Our second assessment of predictive capacity comes from in-sample and out-of-sample prediction in real ITC and RC data. We utilize ITC and RC data collected in Kable et al. (2017). 166 participants completed binary choice tasks in ITC and RC and 128 of them returned after 10 weeks to perform the same task again in session 2. In each session, participants made 120 binary choices each in the ITC task and RC task. The choices in the ITC tasks were between a smaller immediate monetary reward that was always $20 today (i.e., the day of the experiment) and a larger later monetary reward (e.g., $Y in D days; D \(\sim \) [20 180], Y \(\sim \) [22,85]). The choices in the RC tasks were between a smaller certain monetary reward that was always $20 and a larger probabilistic monetary reward (e.g., $Y with probability p;\( p \sim \) [.09 .98], Y \(\sim \) [21 85]). We treat session 1 and 2 as if they are separate participants and only include sessions with at least two or more of each choice type (i.e., at least two smaller reward choices and two larger reward choices in 120 trials), which rules out 9 sessions for ITC and 4 sessions for RC. This is because at least two of each choice type is necessary for leave-one-trial-out cross-validation; otherwise the training dataset may have entirely one-sided choices (i.e., all smaller reward choices or all larger reward choices).

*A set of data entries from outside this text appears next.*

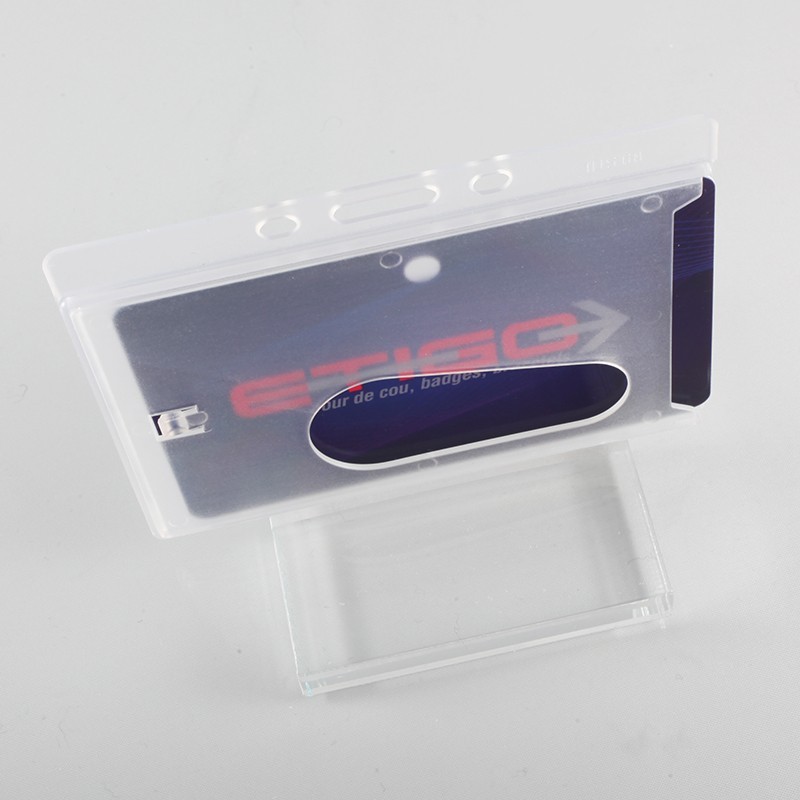 Porte badge rigide à glissière / plastique transparent  | Etigo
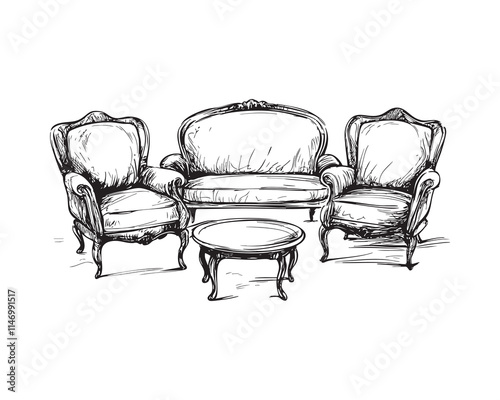 Sofa two armchairs vector illustrations - hand drawn sofa two armchairs - black and white sofa two armchairs isolated on white background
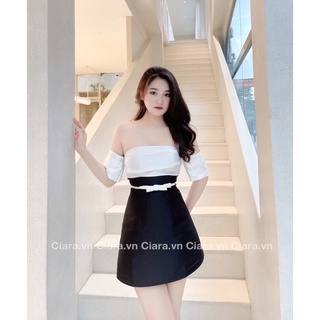 Váy tafta đen phối trắng tay rời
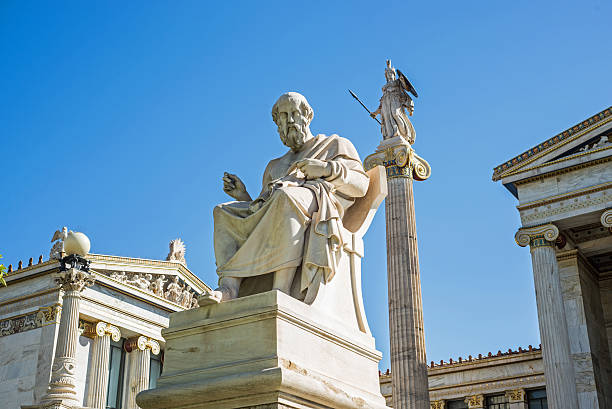statue of Plato in Athens stock photo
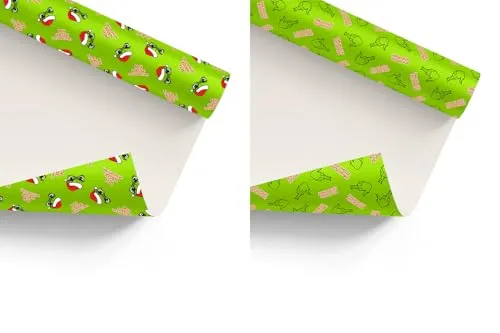 Geschenkpapier Set Muffel (4 Rollen) 2 m x 70 cm in grün von itsisa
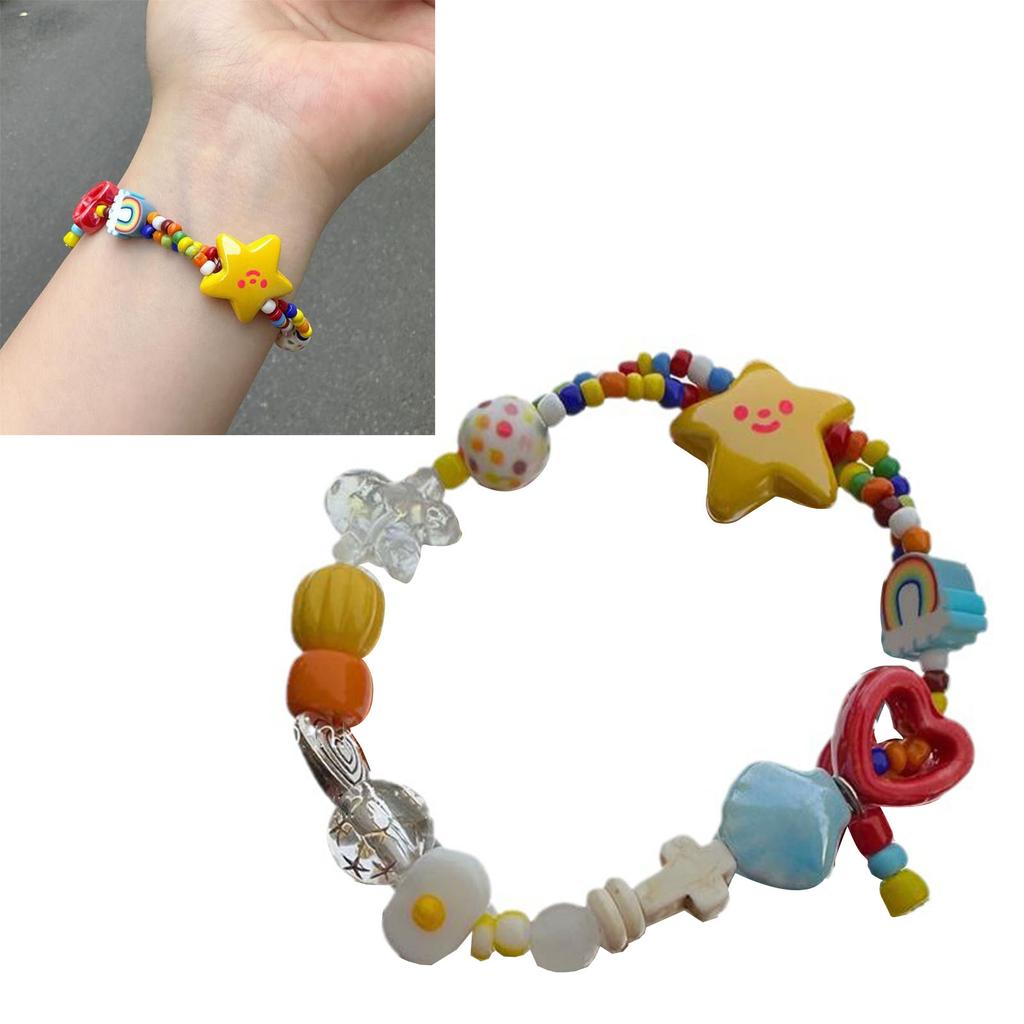 Cute Colorful Beaded Bracelet Simple Cute Star Stretch Bracelets Summer Jewelry Stackable Bangle Friendship Wristbands
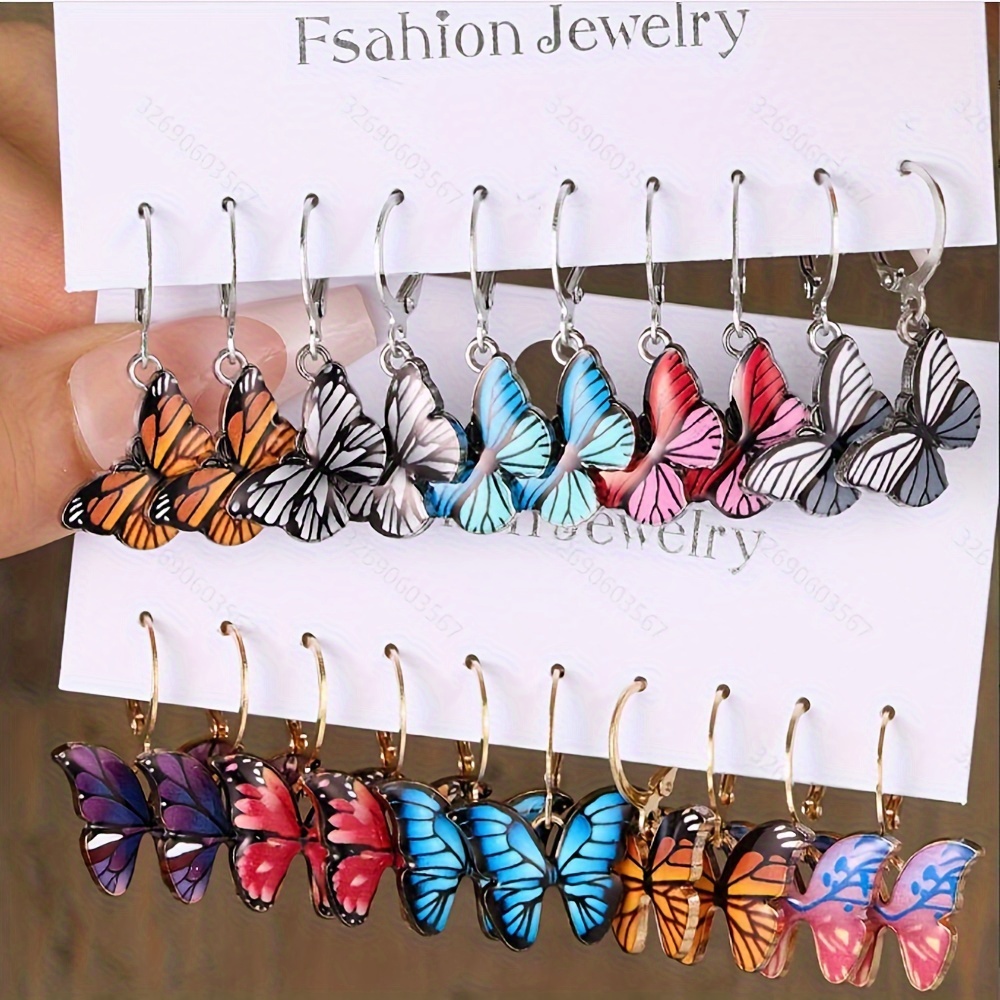 E-shop 20 Stück Minimalistische Bunte Tropfende Öl Schmetterling Ohrringe Set Damen Date Urlaub Party Tägliches Matching Geschenk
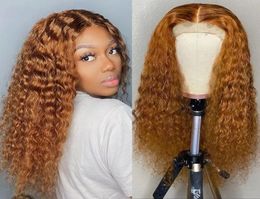 Long Curly Frontal Wig Brazilian Human Hair Light Brown Colour Synthetic Lace Front Wigs For Black Women 180 Density7450975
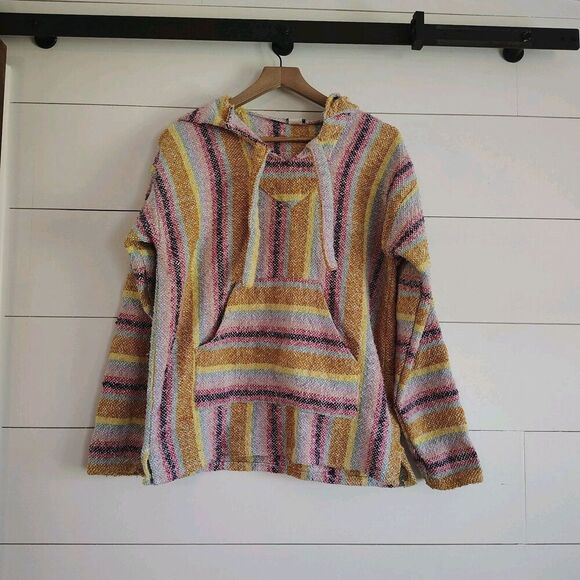 Earthbound Trading Company Baja Hoodie Drug Rug Unisex Adult Pink Blue Yellow M - Picture 1 of 7
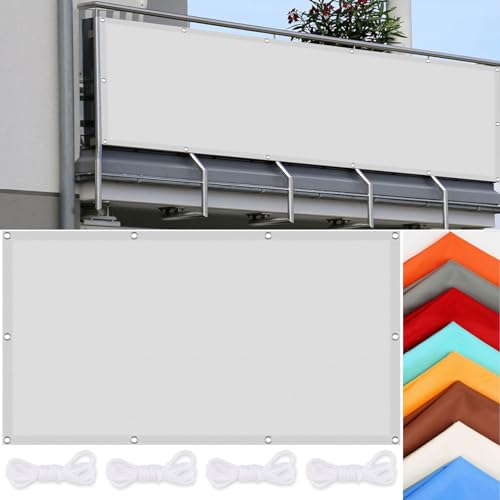 Sonnensegel Wasserdicht Rechtwinklig 140 x 240 cm Wetterschutz Sonnenschutz Segeltuch Pergola Überdachung Plane Premium PES Polyester Imprägniert für Garten Terrasse Outdoor Camping, Weiß von CHENMIAO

In the empirical data, we compare the descriptive and predictive capabilities of CBS against other parametric models in Table 1. For all models (including CBS), we measure their in-sample and out-of-sample prediction accuracies and Tjur’s D. Tjur’s D (coefficient of discrimination) is the difference of the mean choice probabilities of each choice type. For example, a good model of ITC should have high p(delayed choice) for delayed choices but low p(delayed choice) for immediate choices. Hence, the difference between the mean of those two choice probabilities is bounded between 0 (random model) and 1 (perfect model) and tells how well the two choice types are discriminated in out-of-sample predictions. Even if two models have the same hit rate accuracy, Tjur’s D is higher for models that classify the trials with larger discrimination in choice probabilities. All models are fitted at the individual level, and out-of-sample prediction is performed using a leave-one-out cross-validation (LOOCV) procedure where the model is fit on all but one trial of the data and used to predict the left out trial. This cross-validation procedure allows us to maximally retain the training dataset size for each individual, since k-fold or hold-out cross-validation would require substantially reducing the size of the training dataset. All models are fit using a logit choice model (Eq. 4). We have also tried a linear probability model (LPM) specification for choice and, to the extent we have evaluated it, all our main conclusions also hold under a LPM. These comparative results are available from the authors upon request.

3.2 Interpretability

We demonstrate two ways in which CBS fits yield interpretable insights. First, we use CBS to demonstrate novel patterns of behavior that are not captured by extant parametric models. We achieve this by quantitatively calculating the delay-specific discount rates and probability-specific risk-aversion of each individual and assessing the patterns in which CBS has higher predictive performance over extant parametric methods. Using the out-of-sample prediction values of Tjur’s D, we show that a portion of participants are better fit by CBS models because they exhibit behavior violating the assumptions of extant parametric models. Specifically, we show that, in ITC, some participants exhibit increasing discount rates over time, and in RC, some participants exhibit multiple alternations between risk aversion and risk seeking across probabilities.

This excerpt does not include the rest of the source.